少女はとりあえず安全だと認識したのか相変わらずこちらを警戒したままパンをかじり始めた。
少女の方にそっと目をやるだけで少女を肩を跳ねあがらせる。
細い腕。余分な肉どころかほとんど肉付いているところなどなく、思い切り握れば折れてしまいそうだ。

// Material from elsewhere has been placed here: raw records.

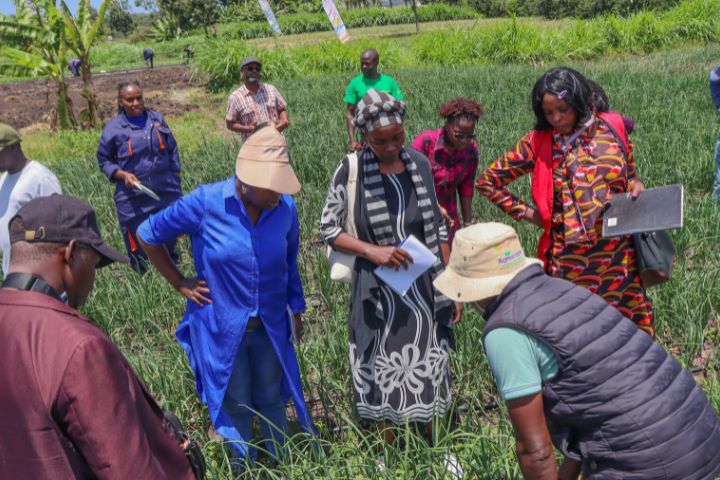 ONION REDSANGA F1 RE-LAUNCH & FARMERS TRAINING (FEBRUARY 2025)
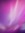 Redtulips1103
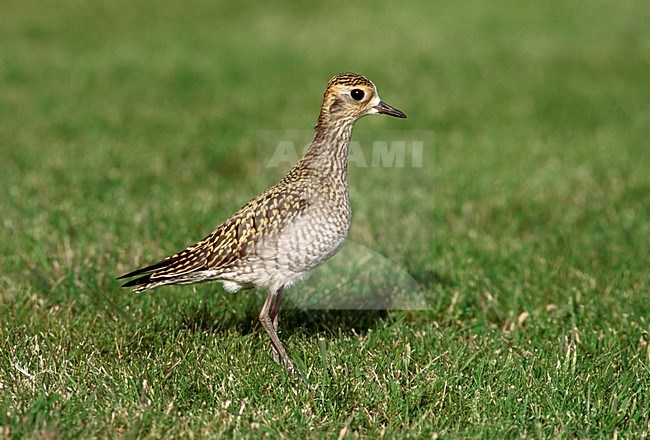 Aziatische Goudplevier in Finland, Pacific Golden Plover in Finland stock-image by Agami/Markus Varesvuo,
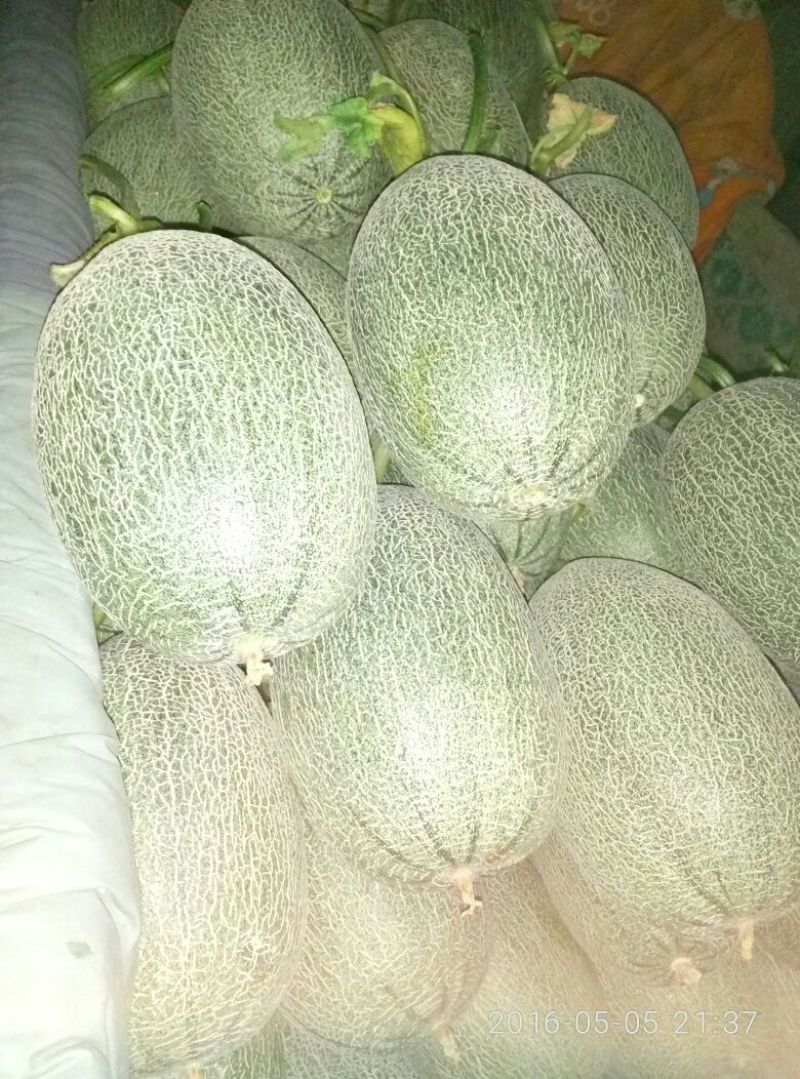 西州蜜瓜5斤以上椭圆形
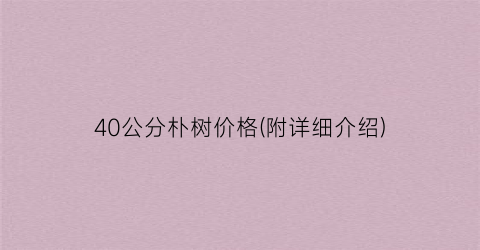 40公分朴树价格(附详细介绍)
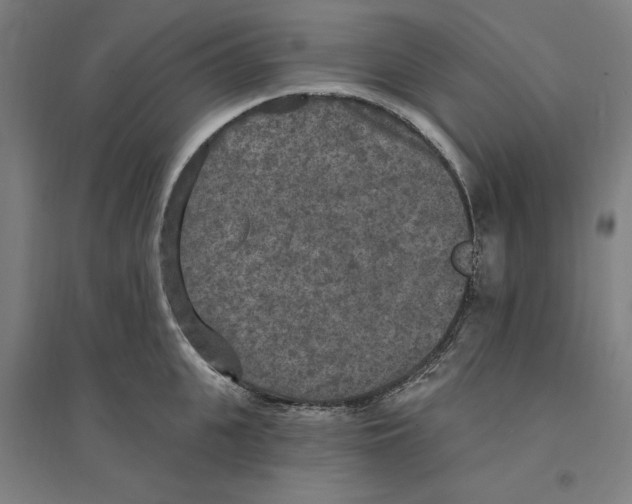 X0000094350951200711301358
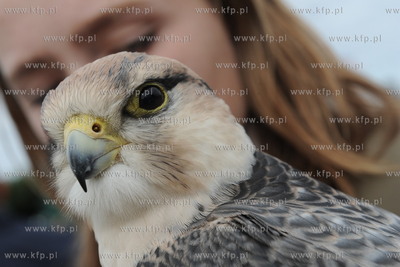 Plac Kuracyjny przy molo w Sopocie. Lesny Festyn Edukacyjny...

その細い腕で少女が最後のパンのひとかけらをゆっくりと咀嚼して飲み込んだ。
ああ、そう言えば。
少女がいたときに何をするのか考えていなかった。
「んーと…」
何か言おうとしたところで少女がこちらをちらちらと見ている事に気付いた。
いや、よく見ると視線は少し右にずれている。
「ああこれ。はいどーぞ」
傍の机に置いてあったほとんど具も入っていないスープを少女に手渡した。
少女は差し出されたそれをきょとんとした顔で見つめると、こちらを全力で警戒しながらゆっくりと手を伸ばした。
最後までゆっくりと器を受け取ると、少しだけこちらに会釈をしてスープに手をつけ始めた。
きちんと集中してスプーンを救っているところをみると警戒が先程より減っているようだ。
「わいはジェミニ。君の名前を教えてもらっていいやろか?」
声を出すとまたビクッと肩を震わせた。
ジェミニ。"俺"の大切な大切な名前。返してくれると嬉しいけれど。
少女は飲みかけのスープを膝の上に置くと、困ったように顔をしかめた。
少しの間を挟んで少女が躊躇いがちに口を開いた。
ゆっくりと唇が形を変える。
しかし、それに伴うはずの何かが足りなかった。
「君、声、……出ないんか?」
ジェミニの思い出にわずかに面影を残す蒼い髪をほんの少し揺らして俯くように少女は頷いた。